Exercise –
Make an exact copy of the data below, leaving out every picture.

(Beginning of Supplied data)

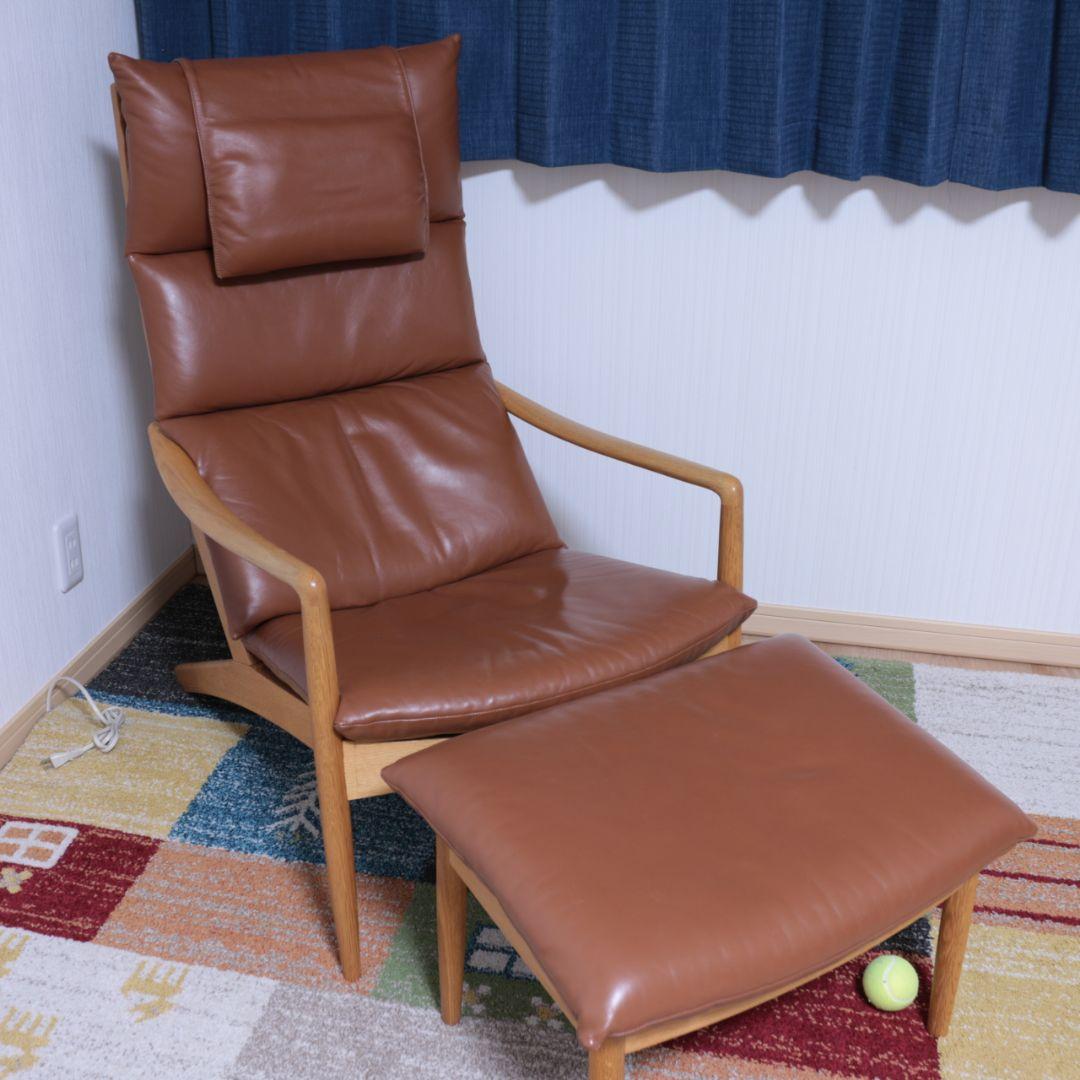 100年使える家具　飛騨産業HIDA　パーソナルチェア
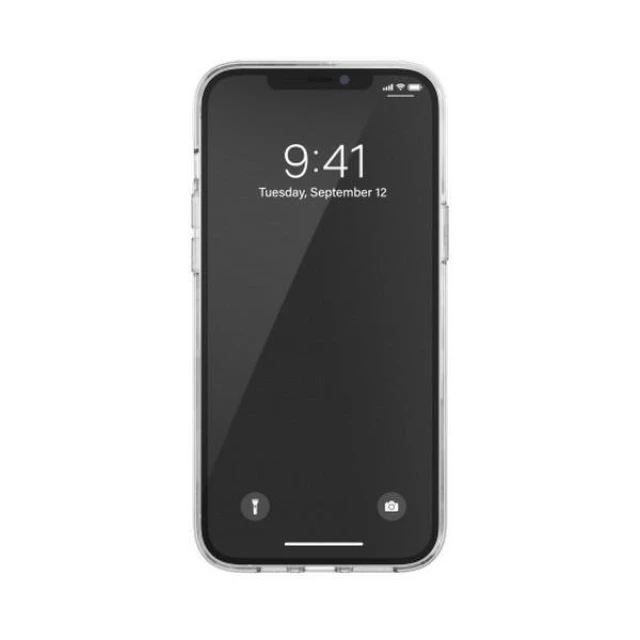 Чохол Adidas OR Snap Camo для iPhone 12 Pro Max Clear White (8718846087407)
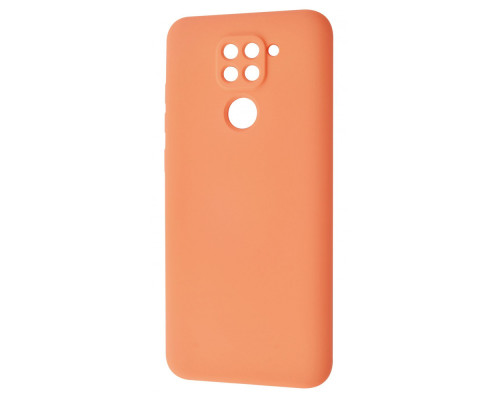 Чохол WAVE Colorful Case (TPU) Xiaomi Redmi Note 9 peach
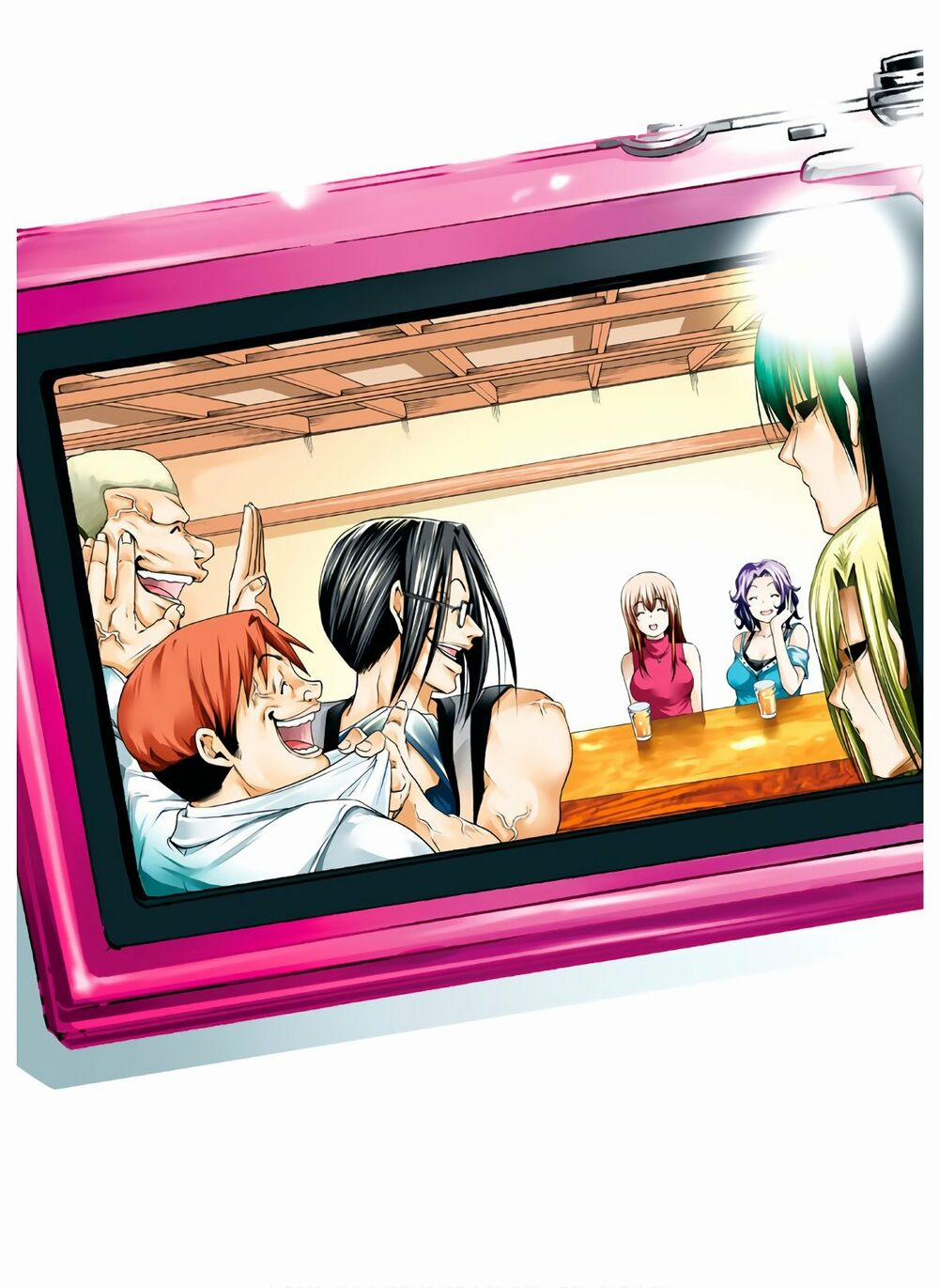 Cô Gái Thích Lặn - Grand Blue 59 trang 44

(End of Supplied data)

Solution below –
 100年使える家具　飛騨産業HIDA　パーソナルチェア
 Чохол Adidas OR Snap Camo для iPhone 12 Pro Max Clear White (8718846087407)
 Чохол WAVE Colorful Case (TPU) Xiaomi Redmi Note 9 peach
 Cô Gái Thích Lặn - Grand Blue 59 trang 44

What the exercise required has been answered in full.